In this delicate period, the increase in blood volume and consequently increased production of red blood cells require a higher intake of iron, which would be difficult to achieve exclusively through normal diet. For this reason, iron-based supplements are highly recommended during pregnancy, often in combination with vitamins and folates. Iron is not only essential for the normal cognitive development of the child, but it also contributes to the transfer of oxygen to tissues, and is therefore essential for the placenta and for the foetus in rapid growth. Lastly, iron plays a vital role in maintaining the energy metabolism and normal function of the immune system, and therefore is fundamental for the health of pregnant women.
The regular intake of iodine is also an important factor, as this mineral is involved in the control of processes of organ and tissue morphogenesis, as well as temperature regulation and the metabolism of macro-nutrients.
Nutritional needs during breastfeeding: what changes compared to the pregnancy phase?
Nutritional needs during breastfeeding increase even more than during pregnancy: in fact, we need to bear in mind that the production of milk is linked to a significant amount of calories being burned, which on the one hand helps the mother work off reserves accumulated during 9 months of pregnancy, but on the other requires an increased intake of nutrients to meet the needs of the nursing infant.
More specifically, to produce 800 mL of breast milk (the amount that generally covers the daily need of the baby) around 670 kcal is needed, and therefore, also considering the fat deposits of the mother, a dietary regime is recommended with an extra intake of around 500 kcal daily.

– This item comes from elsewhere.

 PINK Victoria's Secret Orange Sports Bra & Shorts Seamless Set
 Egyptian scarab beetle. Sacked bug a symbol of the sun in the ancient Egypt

But what is more important, as mentioned in the case of pregnancy, is focus on the quality of the diet followed, in order to ensure that the infant receives all the macro- and micro-nutrients essential for development. So, this means a preference for foods rich in proteins, such as milk, meat, fish and eggs, while carbohydrates, lipids, fruit and above all vegetables are also essential. There are no prohibited foods while breastfeeding, but it would be better to restrict consumption of sweets, fried food and foods containing too much fat, as well as spicy food that may alter the taste of the milk.
During this phase, the same minerals mentioned for pregnancy remain vital, such as calcium, phosphorus and iron, as well as vitamins such as folic acid, important for the development of the newborn’s nervous system, vitamin C to strengthen the immune system and vitamin D for the formation of the skeletal system. Lastly, let’s not forget that the main ingredient of breast milk is water, and therefore while breastfeeding, it is recommended to drink at least 2.5 litres of water per day, to avoid the risk of dehydration.
Although a healthy and balanced diet should be enough to guarantee the intake of all necessary nutrients, often it is just not enough: poor dietary habits of the mother or the shortages of sufficiently fresh food can put at risk the optimal intake of nutrients for the baby. In these cases, the use of specially formulated supplements is recommended to meet nutritional needs of the mother and child in this very special time of life.
This article does not replace the advice of your gynecologist or family doctor. If you are pregnant, or you are planning a pregnancy, contact a doctor to receive more information about this subject.